Demikianlah pendengar yang setia, sedih memang mendengar akhir dari Qutaybah yang tragis seperti itu… akan tetapi demikianlah sejarah bercerita dan Allah berkehendak atas hamba-Nya. Dan seperti kata pepatah: “Sejarah akan mengulangi dirinya”, karenanya, sebelum berpisah marilah kita petik beberapa pelajaran berharga dari biografi Qutaybah ini.

Pertama: Agama ini adalah milik Allah, dan Allah pasti memenangkannya. Bila kita perhatikan pesatnya perkembangan Islam di zaman para salaf, maka kita akan yakin bahwa hal tersebut tidak mustahil terulang kembali di kemudian hari. Bila Rasulullah telah mengatakan bahwa Islam akan mencapai barat dan timur, maka hal itu pasti akan terjadi. Akan tetapi tentu semuanya dengan sebab-sebab yang masuk akal. Ya, karena sunnatullah tidak akan berubah sampai hari kiamat. Siapa yang menolong agama Allah, maka Allah pasti menolong mereka cepat atau lambat… sebaliknya, siapa yang tidak peduli terhadap Islam maka Allah akan membiarkannya jadi bulan-bulanan musuh. Jika di zaman Qutaybah kaum muslimin demikian hebat dan disegani di dunia, maka ingatlah bahwa itu tidak terjadi dengan malas-malasan dan berpangku tangan, sebagaimana kondisi kaum muslimin saat ini. Akan tetapi karena mereka gigih mempelajari Islam lalu mengamalkannya seoptimal mungkin… bahkan rela mengorbankan harta benda dan nyawa demi tegaknya agama Allah. Mereka berjuang demi tegaknya tauhid dan memberantas segala bentuk peribadatan kepada selain Allah. Kita ingat betul bagaimana Qutaybah menghancurkan sendiri semua berhala yang jadi sesembahan warga Bukhara begitu berhasil menaklukkannya… nah, inilah faktor utama di balik kemenangan kaum muslimin. Bandingkan dengan kondisi kita sekarang yang demikian mengenaskan… syirik yang merajalela di setiap tempat… Kuburan yang diagungkan di berbagai penjuru dunia, dan semuanya dilakukan oleh mereka yang mengaku muslim… innalillaahi wa inna ilaihi raaji’uun… pantaskah setelah ini semua kita mengharap pertolongan dari Allah??!!

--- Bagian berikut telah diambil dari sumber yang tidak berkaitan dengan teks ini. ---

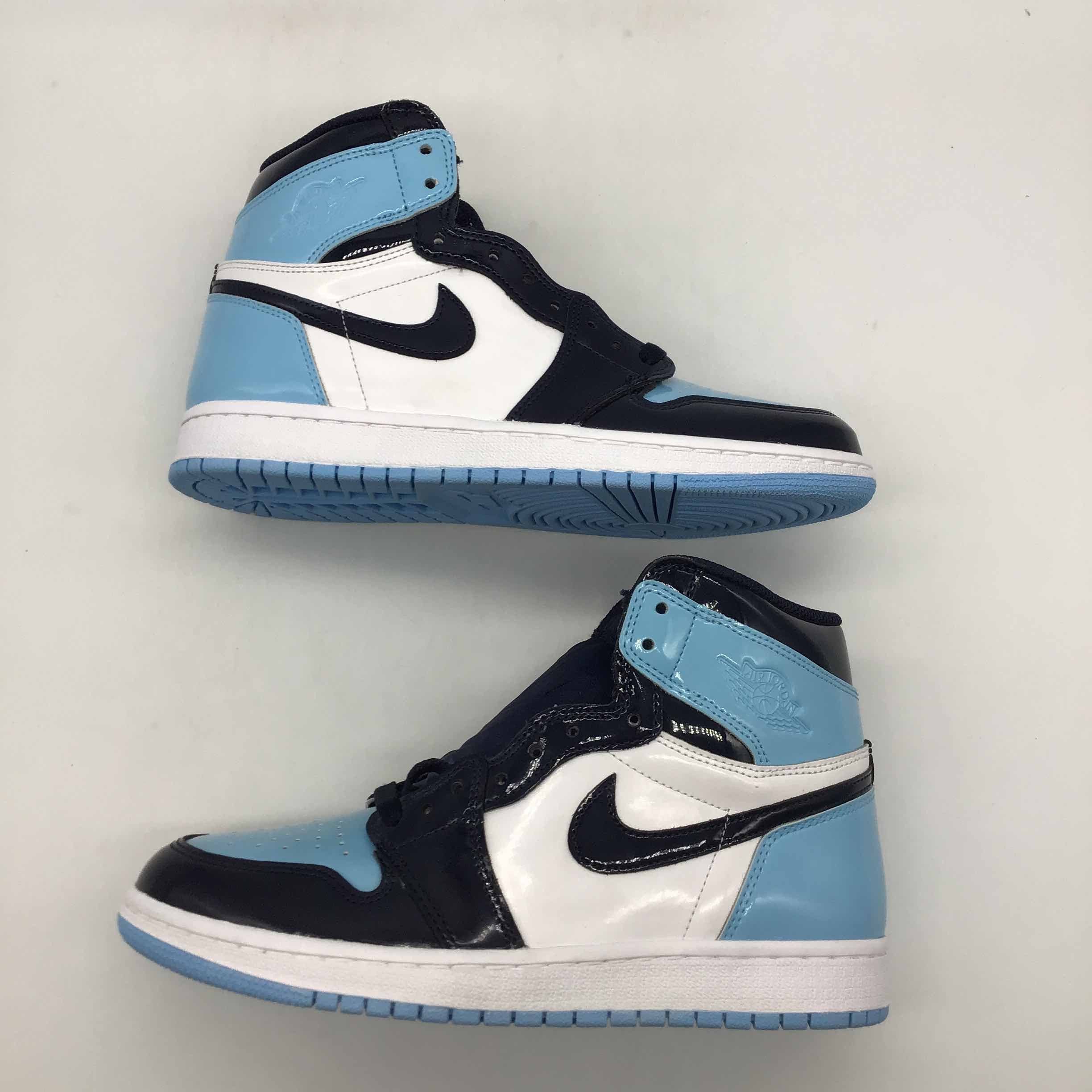 image of Wmns Air Jordan 1 Retro High OG Blue Chill Shoes, Women's (Size 7)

Kedua: pentingnya menjalin komunikasi antara penguasa dan ulama. Sebagaimana yang kita dengar sebelumnya bahwa dalam pasukan Qutaybah terdapat sejumlah ulama seperti Yahya bin Ya’mur dan Muhammad bin Wasi’. Yang keduanya demikian dihormati oleh Qutaybah selaku panglima dan Gubernur Khurasan. Bahkan Imam Dzahabi menceritakan bahwa tatkala Qutaybah berhadapan dengan musuhnya dari bangsa Turki yang demikian besar, ia justeru menanyakan di manakah Muhammad bin Wasi’. Lalu dikatakan bahwa ia berada di sayap kanan pasukan. Qutaybah pun memandangnya saat Muhammad bin Wasi’ membidikkan panah dengan telunjuk mengarah ke langit dan bibir komat-kamit penuh doa… lantas ia berkata: “Telunjuk itu lebih kusukai dari seratus ribu pedang yang terhunus dan pemuda yang gagah berani”[2]. Ini menunjukkan betapa dalam pemahaman Qutaybah akan sebab-sebab kemenangan, yaitu tawakkal kepada Allah dan mempererat hubungan dengan-Nya. Meski Qutaybah telah menyiapkan segala sebab-sebab kemenangan, akan tetapi ia tidak melupakan sebab yang satu ini. Karenanya saat mengetahui bahwa di antara pasukannya ada seorang ‘alim yang bibirnya selalu basah dengan doa dan dzikir, ia pun tenang, dan percaya diri bahwa kemenangan pasti turun.[3]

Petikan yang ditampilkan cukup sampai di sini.